What to do
Your answer should be an exact copy of all the entries, free of pictures.

/---

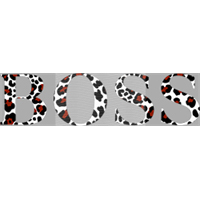 Brand Catalog-ZX 670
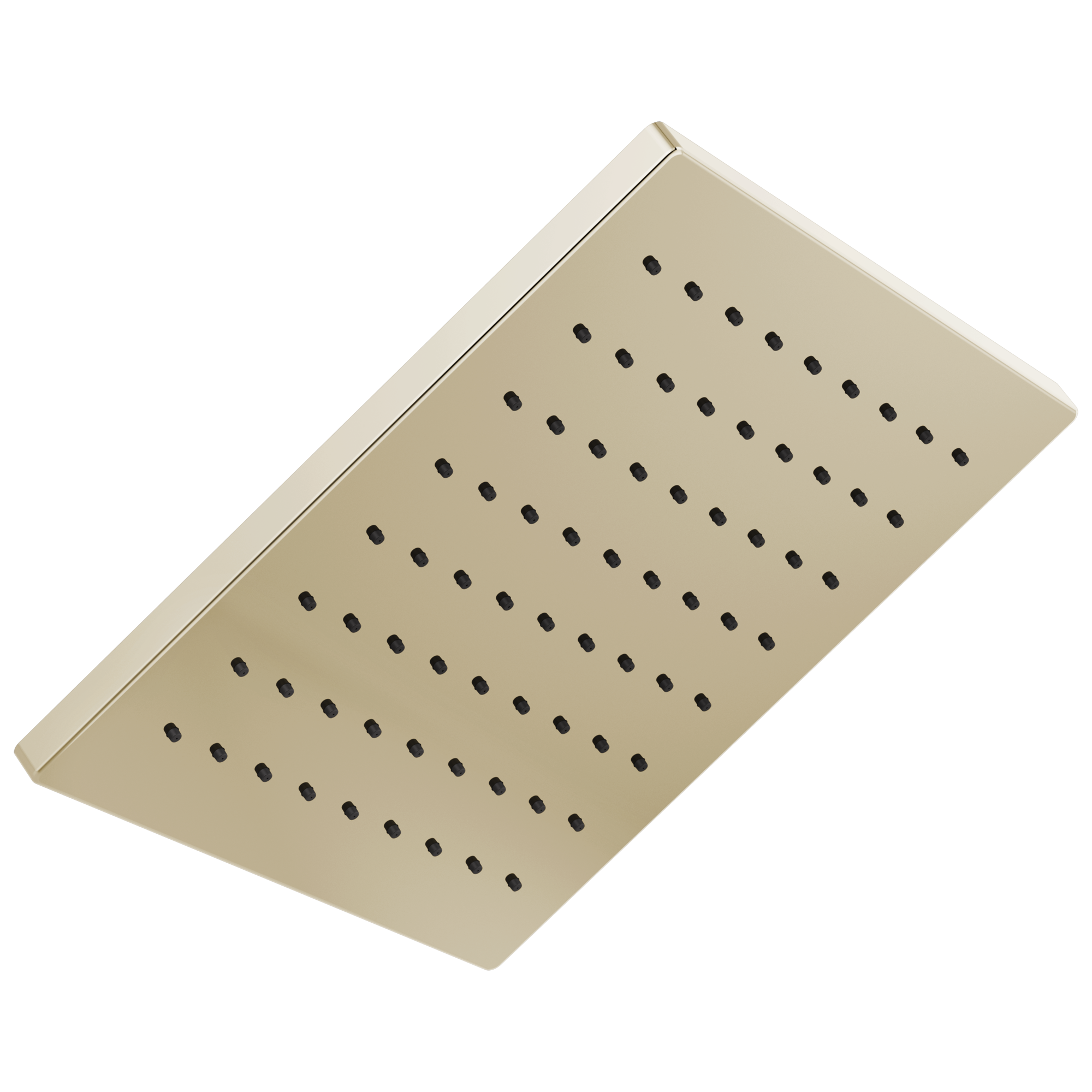 Delta Faucet Universal Showering Components Single-Setting Metal Raincan Shower Head - Lumicoat Polished Nickel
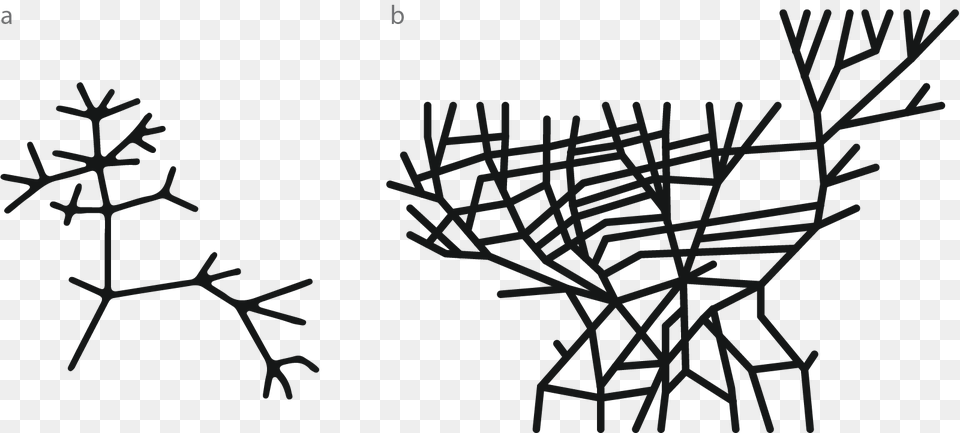 Trees Vs Networks The Graph Medium, Nature, Outdoors, Snow, Snowflake Free Transparent Png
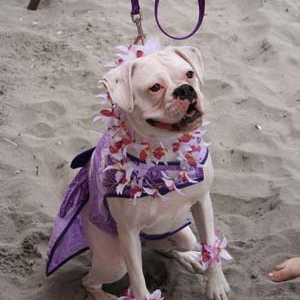 Hawaii Girl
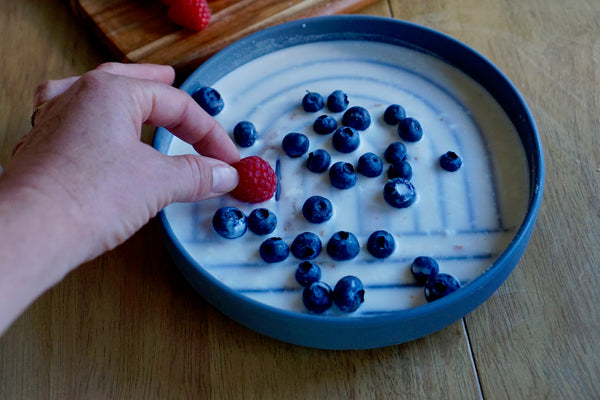 berry and yogurt frozen dog dessert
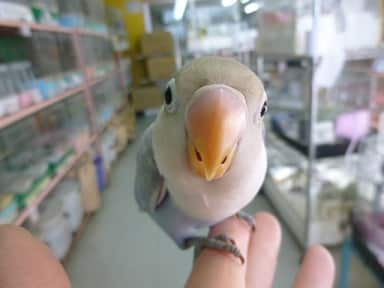 ヒナ餌卒業　手乗りボタンインコ　ホワイト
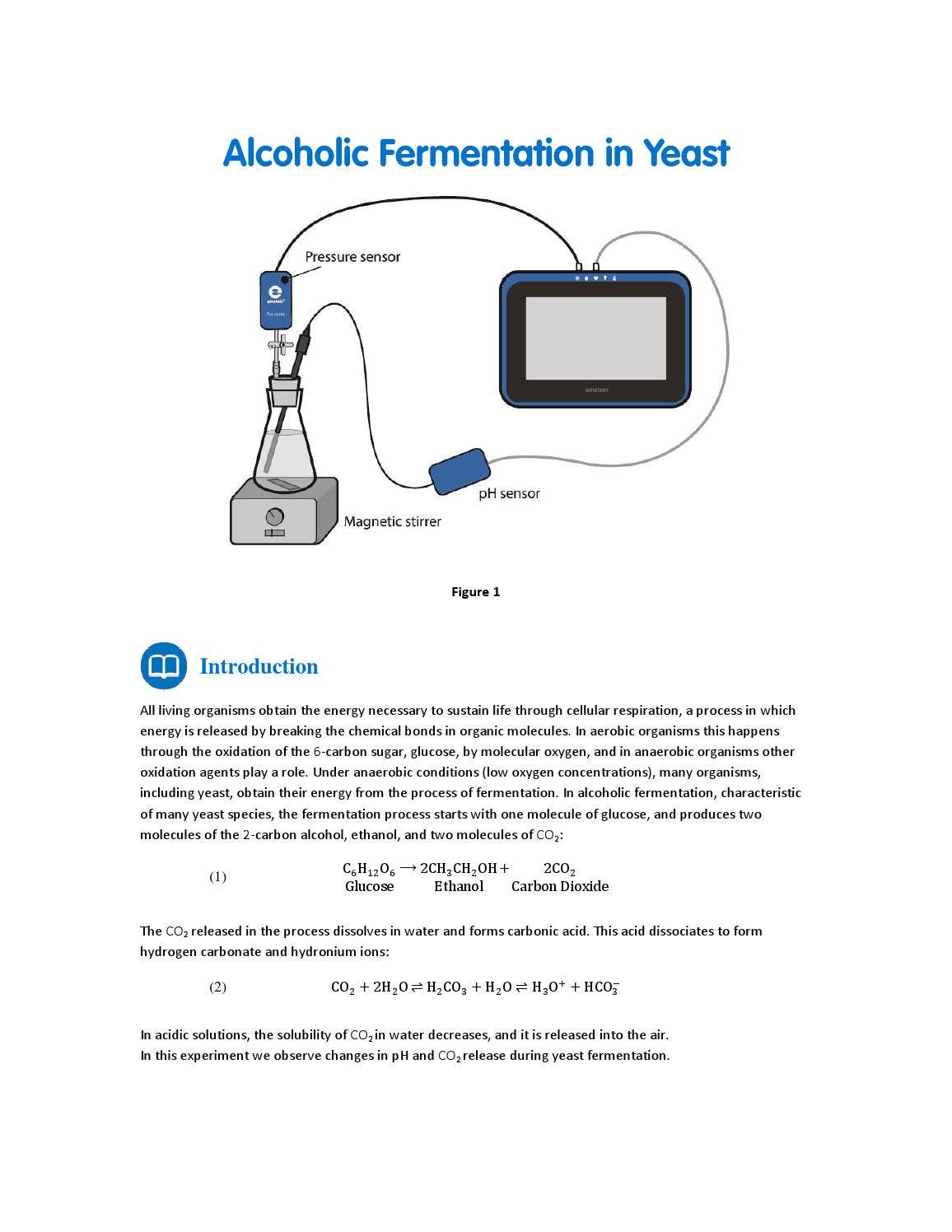 Alcoholic Fermentation in Yeast by Fourier Education - Issuu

\---

Result
 Brand Catalog-ZX 670
 Delta Faucet Universal Showering Components Single-Setting Metal Raincan Shower Head - Lumicoat Polished Nickel
 Trees Vs Networks The Graph Medium, Nature, Outdoors, Snow, Snowflake Free Transparent Png
 Hawaii Girl
 berry and yogurt frozen dog dessert
 ヒナ餌卒業　手乗りボタンインコ　ホワイト
 Alcoholic Fermentation in Yeast by Fourier Education - Issuu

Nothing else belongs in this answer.